マルセル・バラージュ伯爵と会う
空はどこまでも青く雲ひとつない。色とりどりの花が咲き乱れ、目を楽しませてくれるこの季節はどことなく空気も甘い気がする。そんなデート日和の空の下、イザベラとリリ、そしてジノの三人はある男性を待っていた。
「いい? 今日の私とジノは恋人同士だからね」
イザベラはこの間お願いした恋人のふりについて確認する。リリには恋人のふりをすることを事前に説明してあるので、ここで話をしても問題はない。
「分かってるよ。お前こそ言葉遣いとか気を付けろよ」
「ジノと違って私は大丈夫よ。それより、お前じゃなくてイザベラ呼びするってさっき決めたでしょ」
「なんで今から名前で呼ばなきゃなんねーんだよ」
「今のうちに直しておかないと本番で間違えるわよ」
「お前と違って俺は優秀だからそんなヘマしねーよ」
「何よそれ!」
「何だよやるか?」
「二人ともバラージュ伯爵が来ますよ」
リリの冷静な言葉にイザベラははっとする。遠目からでもキラキラしたオーラが漂っている人が待ち合わせ場所の広場に入って来るのが見える。
「私たちは恋人同士なの忘れないでね」
「ふりだろ。分かってるよ」
ジノに念を押しておく。だいぶ不安だがバラージュ伯爵はすぐそこまで来ている。上手くいくかは分からないが、リリのためにもやり通すしかない。
「ごめん。待たせたかな」
「みんな今さっき来たばかりです」
バラージュ伯爵に話しかけられたリリが普段通りの態度で答えている。リリは誰に対しても敬語で話すのだが、それは婚約者であるバラージュ伯爵に対しても変わらないらしい。
「はじめましてバラージュ伯爵。俺はジノだ。今日は急に一緒することになって申し訳ない。邪魔じゃなければいいんだが」
「はじめまして。
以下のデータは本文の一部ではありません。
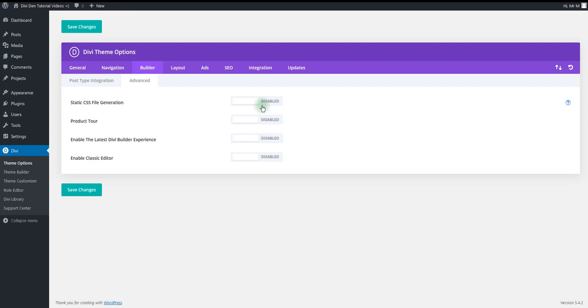If you use any caching plugins, make sure to deactivate those. This is only temporarily while you're still developing your website. Once you're done with the website, you may activate the caching on again.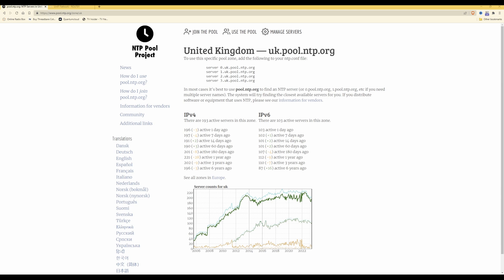On screen at the moment you'll see that I've opened up a website which provides details of public NTP time servers or network time servers. Here you'll see that I've brought up the United Kingdom pool servers. Here we have server 0, server 1, server 2, and server 3 pool NTP servers.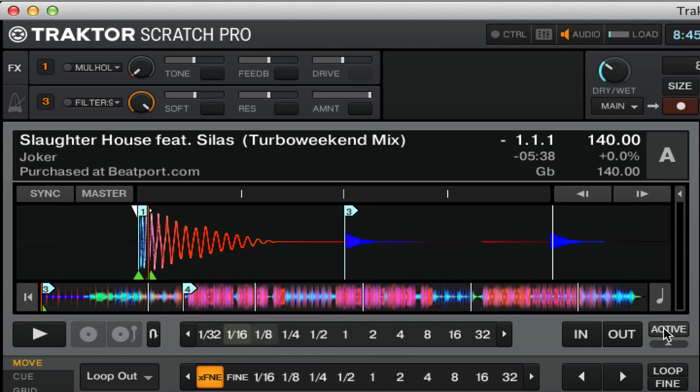If you use these looping methods in your DJ mixes, just make sure to let us know in a comment below. We'll check them out. Make sure to subscribe to us on YouTube for all of our tractor tutorials and check us out at TractorSkills.com.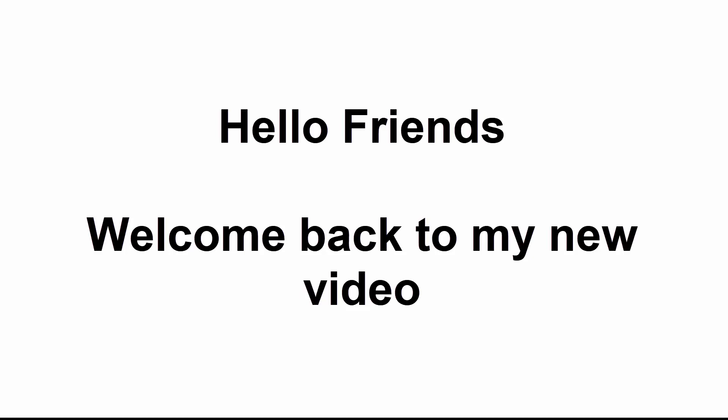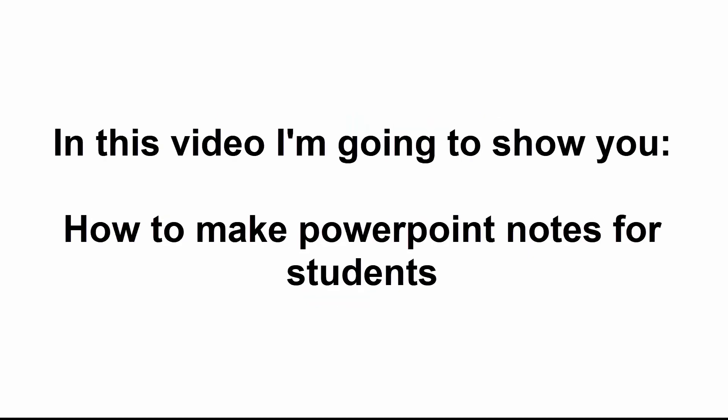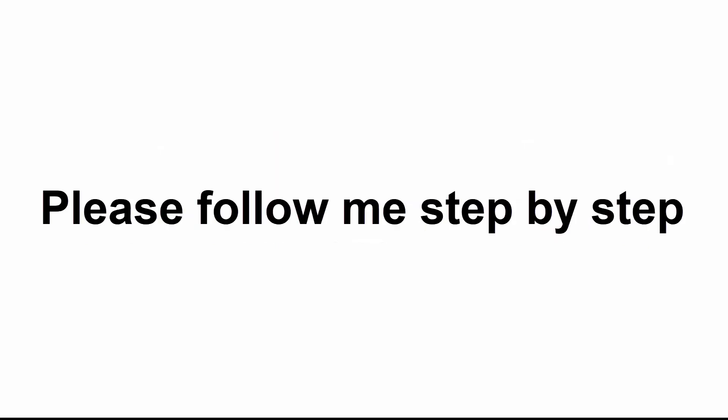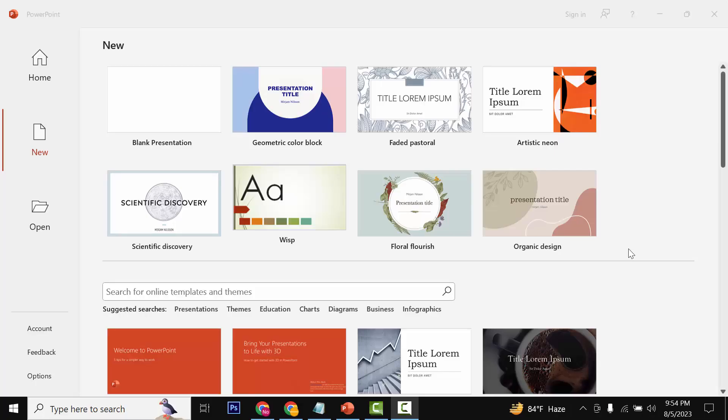Hello friends! Welcome back to my new video. In this video, I'm going to show you how to make PowerPoint notes for students. Please follow me step by step.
俺のことは気軽にマルセルと呼んでくれ。リリの友達なら一緒に出掛けられて嬉しいよ」
「それなら良かった。それと、こちらは、こっ、こ、こい……」
意外ときちんとした態度がとれるのだと関心していたのに、イザベラを紹介しようとしたとたんに上手くいかない。優秀だから大丈夫だとか言っていたのに、恋人と呼ぶことも出来ないらしい。
「彼女はイザベラだ」
恋人と言わず、無難な紹介をしたジノを思わず半眼で見てしまう。が、今はジノに文句を言う時ではない。
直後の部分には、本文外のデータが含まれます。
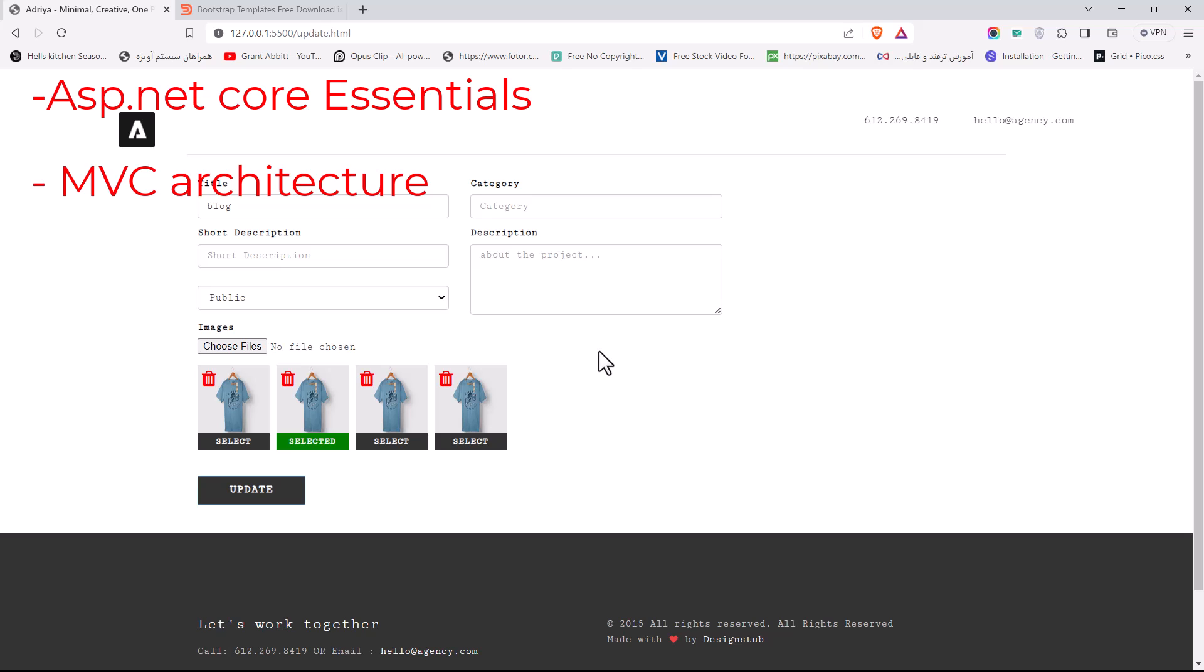We're going to learn about routing, we're going to learn about middleware. I also wanted to include some basic networking knowledge that any backend developer should know. I'm going to talk about basic networking like HTTP, IP addresses, what is DNS, and how a website works.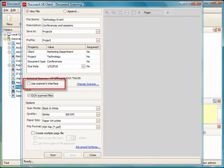In some cases, it is desirable to use scanner's own interface during scanning. For example, to make use of any advanced feature that your scanner has to offer. To use the scanner's interface, click on the checkbox next to Use Scanner's Interface. Note that this will override any settings made in the Scanner Settings portion of this window.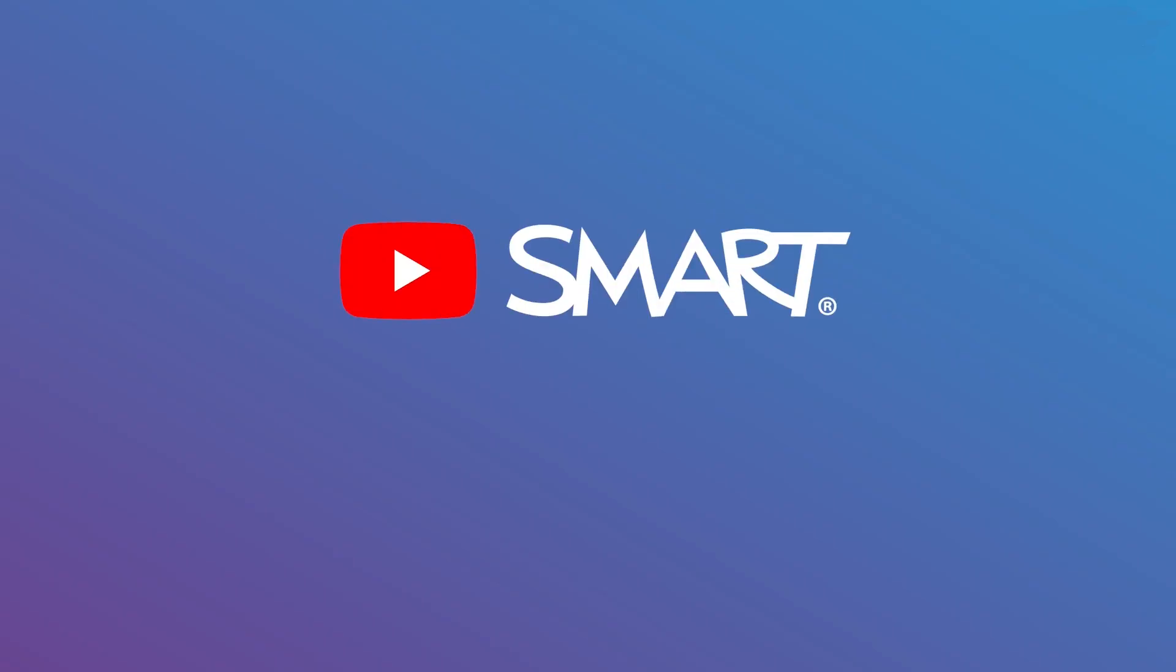To learn more about your smart interactive display powered by IQ4, subscribe to our YouTube channel or visit smarttech.com/learnsmart to get started.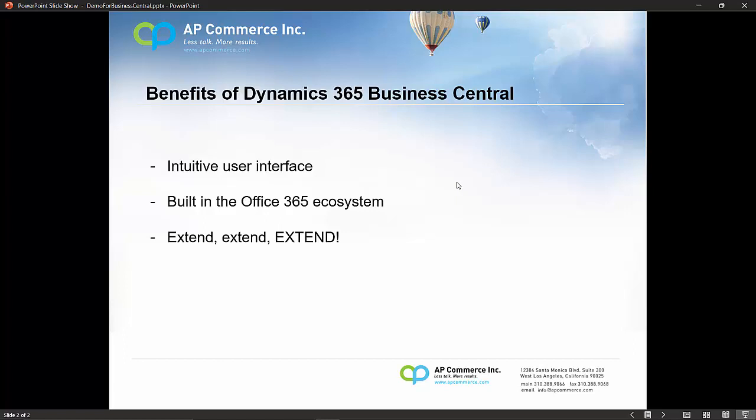Lastly, you could extend. You're not stuck with whatever Microsoft gives you out of the box. You can create your own extensions. You're not limited to what you have.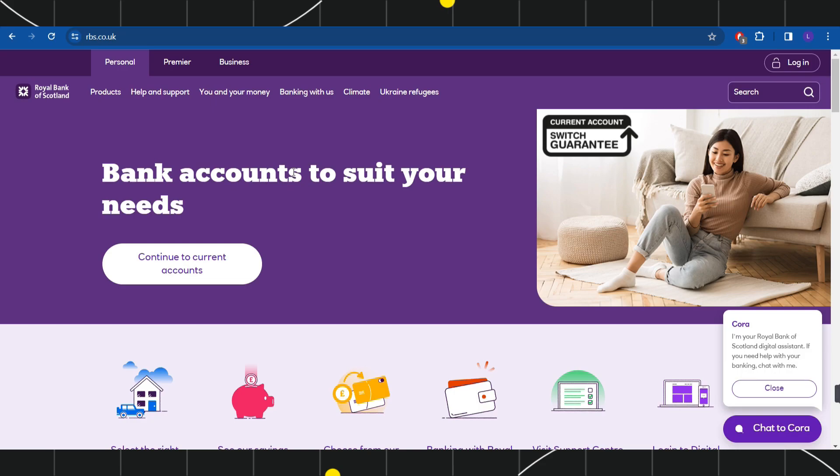First of all, you need to open your browser. You can do it in your PC or in your mobile device. In the search bar of your browser, you simply need to type rbs.co.uk.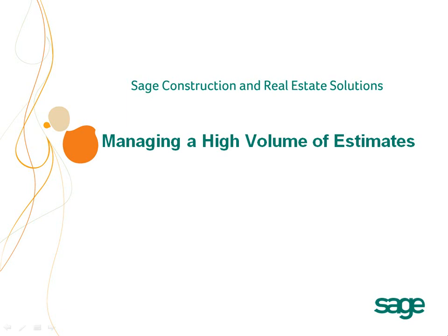Managing a High Volume of Estimates. Everyone knows the more projects you bid on, the better your chances are of winning projects. When the economy is down...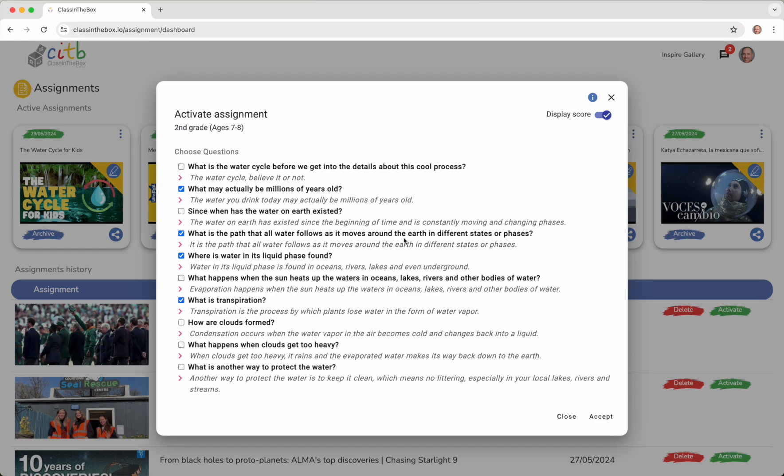In the top right corner, there is the Display Score option, which is enabled by default. If you deactivate it, students will not be able to see the result or the feedback on the screen, something we consider very enriching in the teaching and learning process. Once the questions are selected,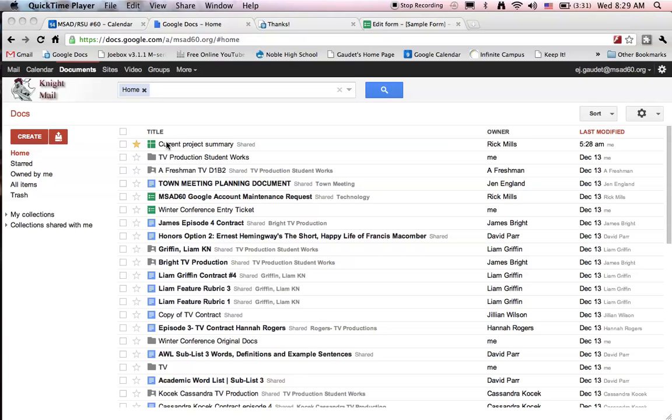In this tutorial we're going to look at how to create a form using Google Docs. A form can be used to get the answers to questions or to give a survey in a class.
「はじめまして。リリの友人のイザベラ・バルナです。バラージュ伯爵とは一度話してみたかったので、会えて嬉しいです。よろしくお願いします」
「こちらこそ、リリのことを色々教えてくれたら嬉しい。それにリリの友達なのだから、マルセルと気軽に呼んでほしい」
マルセルは誰もが思わず見惚れそうな整った顔で微笑む。あまりに綺麗すぎて絵画や彫刻なのかと疑いたくなる。少し長めの黒髪は綺麗に背中に束ねており、瞳はとろけるような蜂蜜色をしている。
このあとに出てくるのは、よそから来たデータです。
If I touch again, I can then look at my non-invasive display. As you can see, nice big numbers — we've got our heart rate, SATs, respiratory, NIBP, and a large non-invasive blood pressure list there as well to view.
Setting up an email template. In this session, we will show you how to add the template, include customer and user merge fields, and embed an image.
「ありがとうございます。では私のことはイザベラとお呼びください」
「よろしく、イザベラ」
「ひととおり挨拶もすんだし場所を移動しよう。店予約してあるんだろ?」
ジノが聞くとマルセルはもちろんだ、というように頷く。
「そうですね。あまり長居すると人が集まってしまうので、早く移動したほうが良いと思います」
「そうなの⁉︎ じゃあ急ぎましょう」
リリの言葉に驚き、イザベラ達は店へと移動することにする。